40. Machine Learning for Author ID
Machine Learning for Author ID
A couple of years ago, J.K. Rowling (of Harry Potter fame) tried something interesting. She wrote a book, “The Cuckoo’s Calling,” under the name Robert Galbraith. The book received some good reviews, but no one paid much attention to it--until an anonymous tipster on Twitter said it was J.K. Rowling. The London Sunday Times enlisted two experts to compare the linguistic patterns of “Cuckoo” to Rowling’s “The Casual Vacancy,” as well as to books by several other authors. After the results of their analysis pointed strongly toward Rowling as the author, the Times directly asked the publisher if they were the same person, and the publisher confirmed. The book exploded in popularity overnight.

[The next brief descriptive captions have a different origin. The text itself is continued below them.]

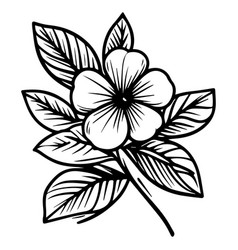 Flower Tattoo Designs Vintage Noyon Tara Drawings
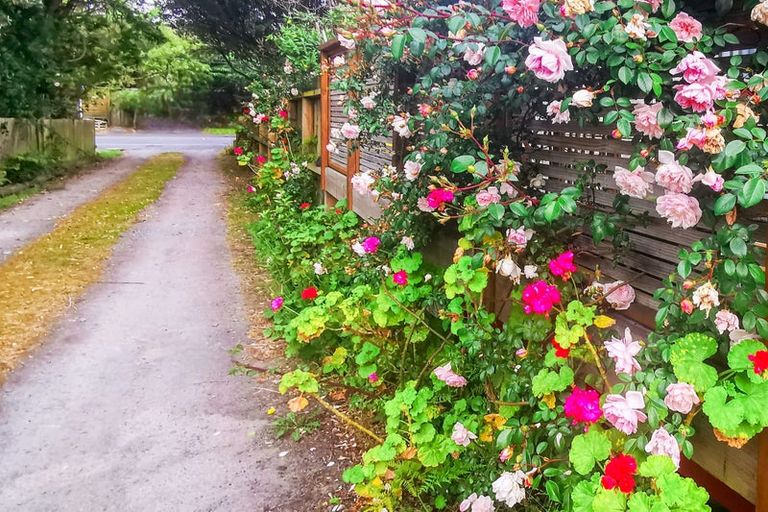 Photo of property in 42 Ruapehu Street, Paraparaumu, 5032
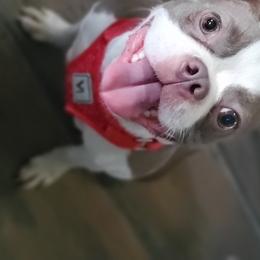 Remi  - Boston Terrier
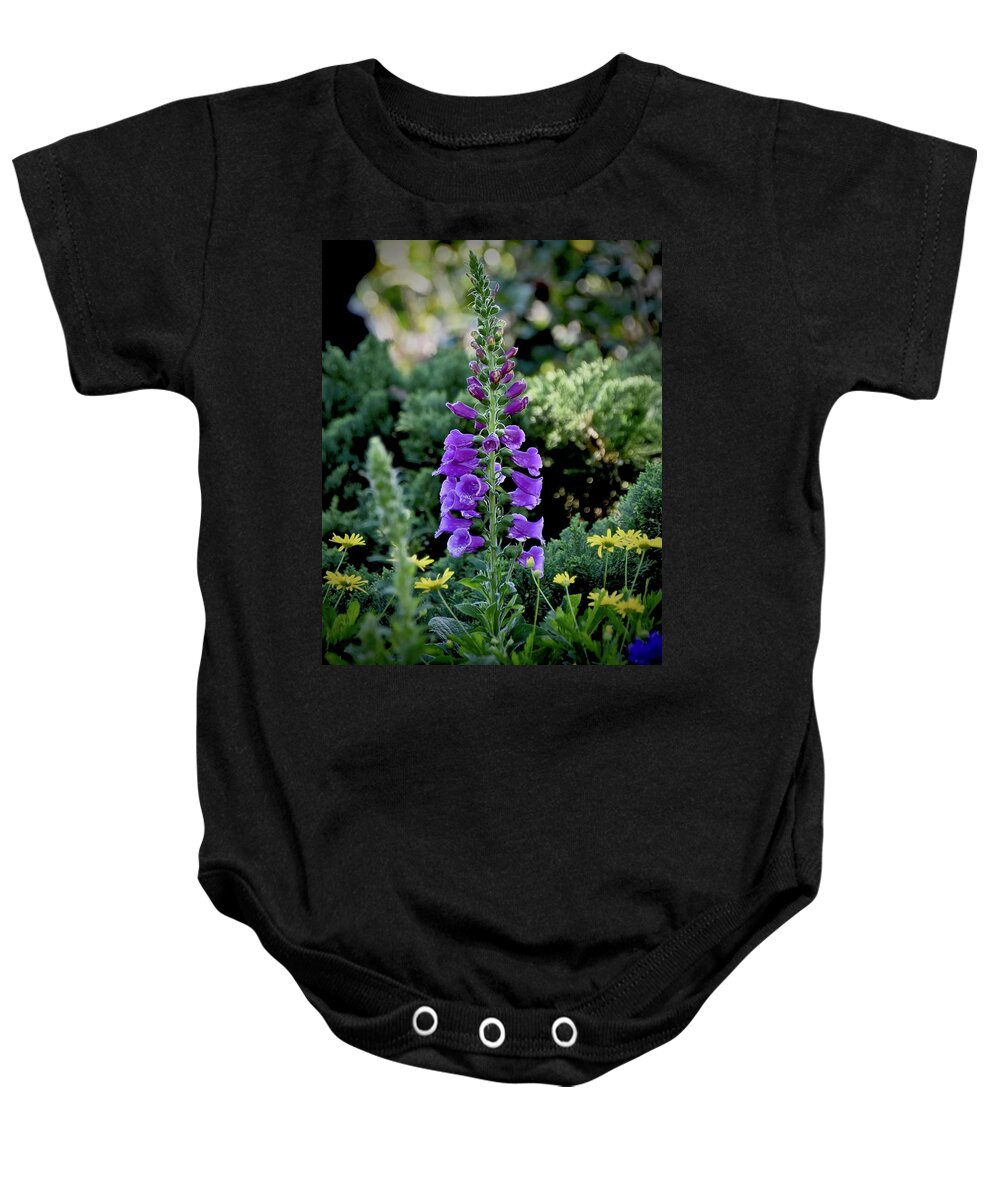 Purple Baby Onesie featuring the photograph Purple Foxglove Flowers by Carol Bradley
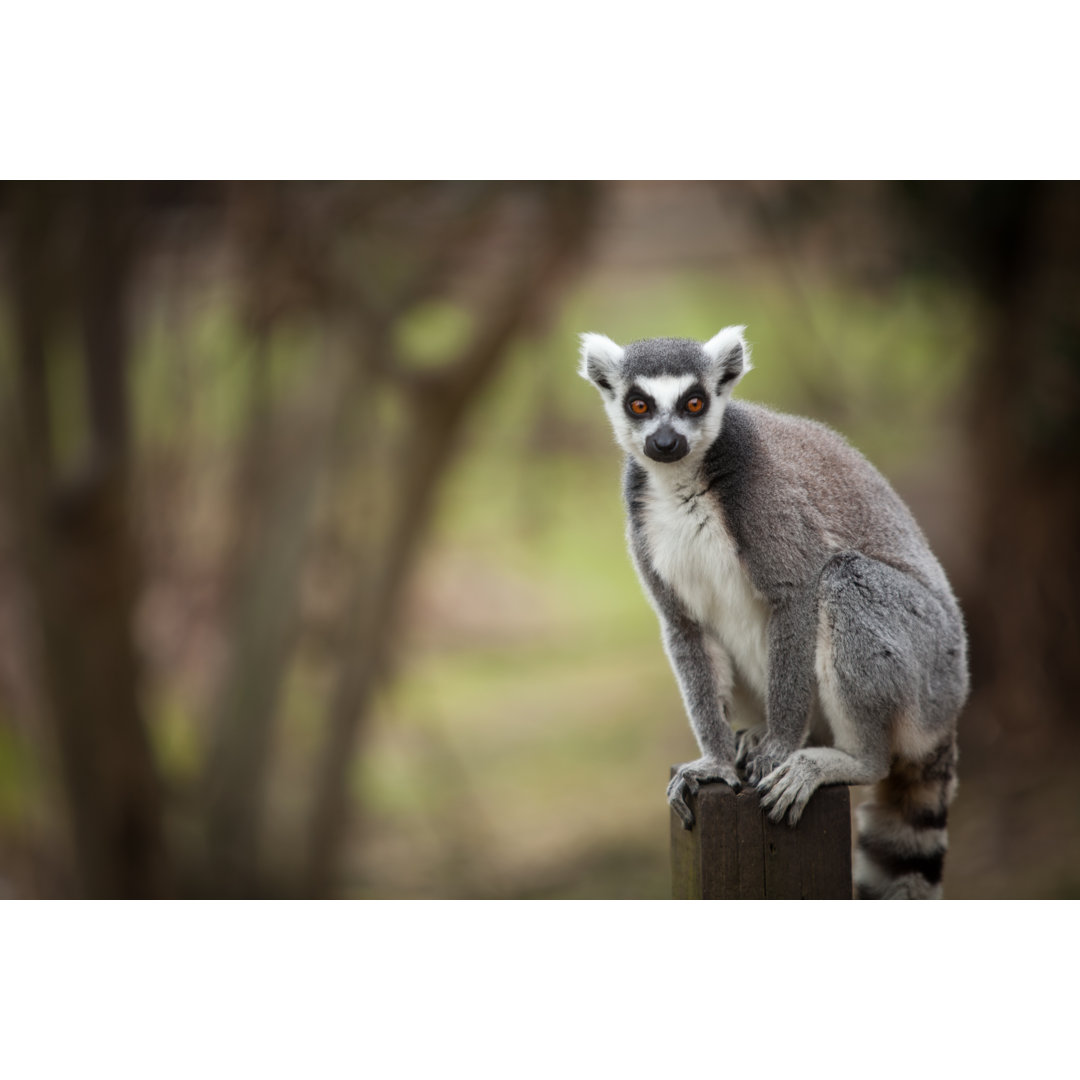 Einzelner Ringelschwanzlemur von BestSide - Ohne Rahmen auf Leinwand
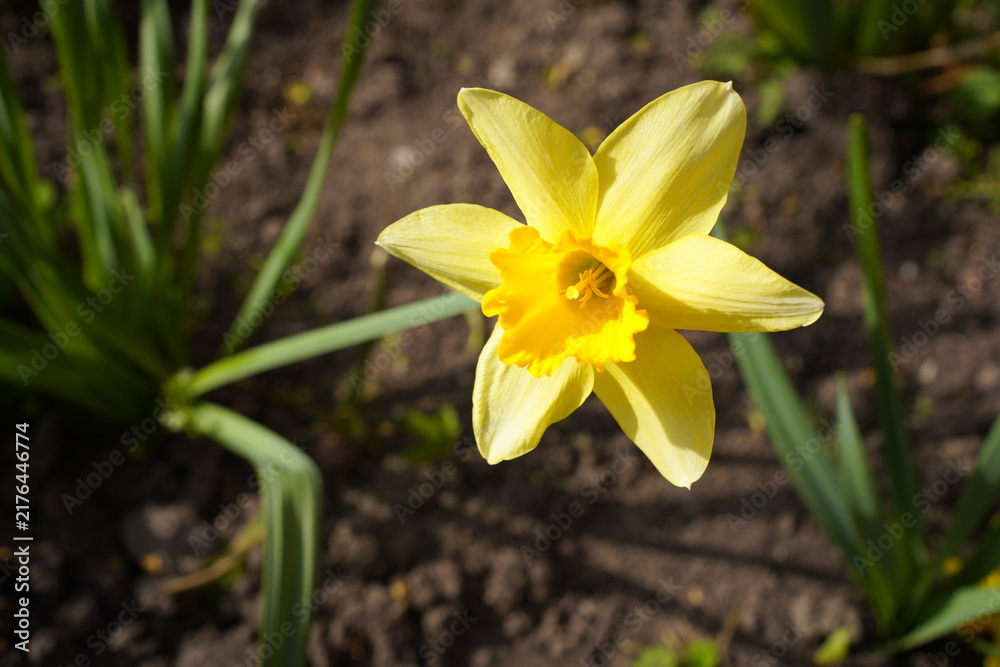 Obraz premium yellow daffodils in spring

We’ll do something very similar in this project. We have a set of emails, half of which were written by one person and the other half by another person at the same company . Our objective is to classify the emails as written by one person or the other based only on the text of the email. We will start with Naive Bayes in this mini-project, and then expand in later projects to other algorithms.
We will start by giving you a list of strings. Each string is the text of an email, which has undergone some basic preprocessing; we will then provide the code to split the dataset into training and testing sets. (In the next lessons you’ll learn how to do this preprocessing and splitting yourself, but for now we’ll give the code to you).
One particular feature of Naive Bayes is that it’s a good algorithm for working with text classification. When dealing with text, it’s very common to treat each unique word as a feature, and since the typical person’s vocabulary is many thousands of words, this makes for a large number of features. The relative simplicity of the algorithm and the independent features assumption of Naive Bayes make it a strong performer for classifying texts. In this mini-project, you will download and install sklearn on your computer and use Naive Bayes to classify emails by author.